FRIDAY, May 11, 2007 - Patrick Berry

Thursday, May 10, 2007

Relative difficulty: Easy to medium

THEME: none

One word: smooth. Nothing mind-blowing here, but that doesn't matter because the fill, especially the long fill, is uniformly interesting - cool, unusual, unexpected. A little on the easy side for a Friday - if I'd been timing myself, I might have found myself with a record Friday time. There was no point at which I got truly stuck or had to slow down significantly. I had just one false start, and it was a small one: REP instead of COP for 55D: One who handles bookings (you can see why I was confused - beautiful little trap). Oh wait, I had ISIS for IRIS too (32D: Goddess of the rainbow). And there was just one square about which I was uncertain, located at the following intersection:

34D: "Heart of the Tin Man" author (Jack Haley)
45A: Cheers (hails)

Pretty much had to be an "H," but I'd never heard of the author in question and I couldn't quite make HAILS mean "Cheers." Even now, I have to exert mental effort to get those two words to align.

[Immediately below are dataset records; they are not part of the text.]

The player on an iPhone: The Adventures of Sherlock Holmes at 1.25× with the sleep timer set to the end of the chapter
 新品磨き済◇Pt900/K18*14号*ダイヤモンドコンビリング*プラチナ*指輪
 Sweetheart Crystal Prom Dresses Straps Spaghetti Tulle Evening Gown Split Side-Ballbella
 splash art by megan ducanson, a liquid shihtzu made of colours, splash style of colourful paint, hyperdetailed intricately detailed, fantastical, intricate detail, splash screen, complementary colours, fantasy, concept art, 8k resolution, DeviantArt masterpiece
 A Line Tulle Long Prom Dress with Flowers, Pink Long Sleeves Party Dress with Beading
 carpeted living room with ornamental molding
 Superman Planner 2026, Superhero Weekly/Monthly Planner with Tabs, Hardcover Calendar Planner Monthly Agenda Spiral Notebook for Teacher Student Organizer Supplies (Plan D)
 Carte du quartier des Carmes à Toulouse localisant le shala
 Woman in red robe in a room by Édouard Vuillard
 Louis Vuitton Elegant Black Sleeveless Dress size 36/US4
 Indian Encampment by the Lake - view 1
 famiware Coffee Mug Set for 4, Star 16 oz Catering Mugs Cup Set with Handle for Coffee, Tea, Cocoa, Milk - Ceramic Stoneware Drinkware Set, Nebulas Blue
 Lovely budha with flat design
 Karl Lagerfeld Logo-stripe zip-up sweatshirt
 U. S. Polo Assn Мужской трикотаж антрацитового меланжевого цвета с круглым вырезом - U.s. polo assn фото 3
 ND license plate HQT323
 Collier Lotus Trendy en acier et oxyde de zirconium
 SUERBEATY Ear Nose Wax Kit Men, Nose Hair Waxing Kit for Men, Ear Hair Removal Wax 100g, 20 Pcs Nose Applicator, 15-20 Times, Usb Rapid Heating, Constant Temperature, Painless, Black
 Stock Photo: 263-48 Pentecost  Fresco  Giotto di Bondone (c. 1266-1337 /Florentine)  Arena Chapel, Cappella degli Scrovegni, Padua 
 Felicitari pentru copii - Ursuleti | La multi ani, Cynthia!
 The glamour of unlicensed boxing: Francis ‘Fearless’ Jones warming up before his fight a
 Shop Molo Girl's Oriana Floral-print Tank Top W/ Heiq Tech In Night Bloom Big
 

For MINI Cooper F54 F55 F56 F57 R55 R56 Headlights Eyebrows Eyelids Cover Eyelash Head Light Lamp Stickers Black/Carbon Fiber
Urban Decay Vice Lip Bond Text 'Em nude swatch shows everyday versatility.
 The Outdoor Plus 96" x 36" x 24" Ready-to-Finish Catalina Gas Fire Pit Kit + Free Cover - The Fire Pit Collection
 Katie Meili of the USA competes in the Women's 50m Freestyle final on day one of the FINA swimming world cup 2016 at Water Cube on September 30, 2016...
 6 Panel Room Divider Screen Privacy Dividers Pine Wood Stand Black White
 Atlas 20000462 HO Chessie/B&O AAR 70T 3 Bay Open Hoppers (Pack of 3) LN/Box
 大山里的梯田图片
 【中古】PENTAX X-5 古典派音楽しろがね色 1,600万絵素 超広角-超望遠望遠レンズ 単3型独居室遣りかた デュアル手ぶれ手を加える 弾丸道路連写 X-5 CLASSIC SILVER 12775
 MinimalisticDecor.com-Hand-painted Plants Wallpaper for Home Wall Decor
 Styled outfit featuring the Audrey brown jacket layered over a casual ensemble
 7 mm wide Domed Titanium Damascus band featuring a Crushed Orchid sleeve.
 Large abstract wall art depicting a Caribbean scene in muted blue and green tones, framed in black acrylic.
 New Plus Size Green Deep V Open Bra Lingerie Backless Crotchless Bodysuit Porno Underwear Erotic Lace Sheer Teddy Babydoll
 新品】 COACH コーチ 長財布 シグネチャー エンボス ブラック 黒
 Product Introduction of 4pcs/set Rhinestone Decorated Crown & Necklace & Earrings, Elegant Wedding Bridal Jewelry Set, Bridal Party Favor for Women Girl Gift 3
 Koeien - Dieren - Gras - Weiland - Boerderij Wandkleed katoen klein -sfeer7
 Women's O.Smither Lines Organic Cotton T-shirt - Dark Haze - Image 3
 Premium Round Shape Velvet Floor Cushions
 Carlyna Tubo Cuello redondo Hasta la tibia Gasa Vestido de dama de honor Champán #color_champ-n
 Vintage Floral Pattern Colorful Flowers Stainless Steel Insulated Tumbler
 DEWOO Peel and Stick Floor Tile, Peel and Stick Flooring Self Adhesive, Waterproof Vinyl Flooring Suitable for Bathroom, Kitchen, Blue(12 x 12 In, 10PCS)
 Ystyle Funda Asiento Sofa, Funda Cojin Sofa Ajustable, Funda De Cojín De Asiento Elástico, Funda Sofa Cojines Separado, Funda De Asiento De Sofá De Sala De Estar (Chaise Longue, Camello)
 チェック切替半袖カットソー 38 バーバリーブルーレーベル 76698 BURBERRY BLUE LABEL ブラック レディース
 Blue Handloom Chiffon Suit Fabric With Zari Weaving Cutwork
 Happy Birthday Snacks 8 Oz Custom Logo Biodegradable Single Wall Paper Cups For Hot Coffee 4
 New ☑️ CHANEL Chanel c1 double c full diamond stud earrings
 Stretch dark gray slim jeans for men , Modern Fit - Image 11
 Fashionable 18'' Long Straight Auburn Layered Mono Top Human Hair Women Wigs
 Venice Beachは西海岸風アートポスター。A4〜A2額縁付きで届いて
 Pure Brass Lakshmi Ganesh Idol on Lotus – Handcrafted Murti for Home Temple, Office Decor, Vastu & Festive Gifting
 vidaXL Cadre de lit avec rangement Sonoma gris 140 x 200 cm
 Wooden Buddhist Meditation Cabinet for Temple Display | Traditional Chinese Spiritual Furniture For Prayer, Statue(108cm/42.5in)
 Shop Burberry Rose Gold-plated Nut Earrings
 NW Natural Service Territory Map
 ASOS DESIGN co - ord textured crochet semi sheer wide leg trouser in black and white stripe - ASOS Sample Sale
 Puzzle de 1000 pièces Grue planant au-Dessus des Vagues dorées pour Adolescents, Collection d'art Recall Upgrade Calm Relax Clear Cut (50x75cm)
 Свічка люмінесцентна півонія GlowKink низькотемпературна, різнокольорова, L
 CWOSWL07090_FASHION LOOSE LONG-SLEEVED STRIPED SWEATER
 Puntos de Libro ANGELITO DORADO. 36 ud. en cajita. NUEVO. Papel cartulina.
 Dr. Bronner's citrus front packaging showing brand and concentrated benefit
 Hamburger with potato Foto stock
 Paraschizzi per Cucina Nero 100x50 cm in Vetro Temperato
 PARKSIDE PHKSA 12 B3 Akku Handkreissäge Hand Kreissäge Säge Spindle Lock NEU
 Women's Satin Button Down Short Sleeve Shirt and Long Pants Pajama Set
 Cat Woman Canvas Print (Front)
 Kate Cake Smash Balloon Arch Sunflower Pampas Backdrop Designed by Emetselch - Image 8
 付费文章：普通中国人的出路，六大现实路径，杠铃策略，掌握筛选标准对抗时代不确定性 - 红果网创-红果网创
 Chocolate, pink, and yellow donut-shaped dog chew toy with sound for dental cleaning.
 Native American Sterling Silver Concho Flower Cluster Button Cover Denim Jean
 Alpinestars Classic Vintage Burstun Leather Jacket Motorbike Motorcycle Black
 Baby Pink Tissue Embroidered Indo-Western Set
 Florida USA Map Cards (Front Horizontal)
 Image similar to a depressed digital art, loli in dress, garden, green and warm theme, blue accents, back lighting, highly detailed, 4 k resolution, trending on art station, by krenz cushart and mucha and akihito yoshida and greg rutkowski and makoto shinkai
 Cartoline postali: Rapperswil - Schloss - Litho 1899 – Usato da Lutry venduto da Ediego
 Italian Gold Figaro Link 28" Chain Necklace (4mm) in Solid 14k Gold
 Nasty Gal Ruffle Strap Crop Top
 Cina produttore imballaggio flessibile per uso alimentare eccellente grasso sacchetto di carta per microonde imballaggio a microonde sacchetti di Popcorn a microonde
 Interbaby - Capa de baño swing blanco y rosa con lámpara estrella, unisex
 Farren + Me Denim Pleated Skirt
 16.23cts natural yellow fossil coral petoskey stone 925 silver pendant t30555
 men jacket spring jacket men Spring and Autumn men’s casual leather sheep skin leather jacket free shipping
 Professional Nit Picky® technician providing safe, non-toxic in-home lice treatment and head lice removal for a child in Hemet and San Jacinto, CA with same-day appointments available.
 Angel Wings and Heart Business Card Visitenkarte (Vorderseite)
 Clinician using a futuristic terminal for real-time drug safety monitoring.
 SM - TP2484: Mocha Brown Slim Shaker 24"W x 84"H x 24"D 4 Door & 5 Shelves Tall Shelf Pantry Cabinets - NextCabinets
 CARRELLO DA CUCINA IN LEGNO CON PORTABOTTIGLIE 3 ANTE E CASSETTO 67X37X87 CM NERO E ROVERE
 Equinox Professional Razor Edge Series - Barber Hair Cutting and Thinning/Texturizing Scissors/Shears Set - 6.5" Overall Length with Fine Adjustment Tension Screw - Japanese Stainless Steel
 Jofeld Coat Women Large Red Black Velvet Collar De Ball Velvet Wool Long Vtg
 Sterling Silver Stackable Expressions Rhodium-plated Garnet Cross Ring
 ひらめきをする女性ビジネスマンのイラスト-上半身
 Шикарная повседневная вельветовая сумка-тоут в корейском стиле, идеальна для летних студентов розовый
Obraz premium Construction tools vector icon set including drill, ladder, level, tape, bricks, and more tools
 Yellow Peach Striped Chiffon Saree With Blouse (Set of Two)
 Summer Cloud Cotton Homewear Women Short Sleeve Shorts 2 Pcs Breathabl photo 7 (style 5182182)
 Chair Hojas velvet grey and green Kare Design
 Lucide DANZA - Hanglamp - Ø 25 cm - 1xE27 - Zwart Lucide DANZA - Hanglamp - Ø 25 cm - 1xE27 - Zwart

The prettiest word in the grid is HERCULEAN (15A: Formidable, as a task) - one of my favorite words. I use it whenever I can (which is to say, not often - it's not an everyday word, and overuse would be pretentious). The ugliest word ... let's see ... well, I do hate the way SEGUE (53A: Skillfully switches topics) looks, and both SICK LEAVE (54A: People generally don't take it well) and ODOR EATER (57A: Shoe insert) have negativity built into their names, but I'm going to give the award to SOURSOP (38D: Tropical fruit with white pulp and black seeds), a fruit of which I've never heard and hope never to encounter (if it tastes anything like its name sounds ... or looks).

What I Liked

48D: "When the _____ Breaks" (old blues song) ("Levee") - I like this answer because I know this song only because of my sister, who for some reason used to sing (comically) the Led Zeppelin version of this song not infrequently. I think it was some inside joke with her friend Sarah. I remember being doped up from a pinched nerve in my neck, headed home from the beach in my sister's car, some time in the late 80's, and this song was on. I think the tape might actually have been stuck in the tape deck. It's ... not a soothing song.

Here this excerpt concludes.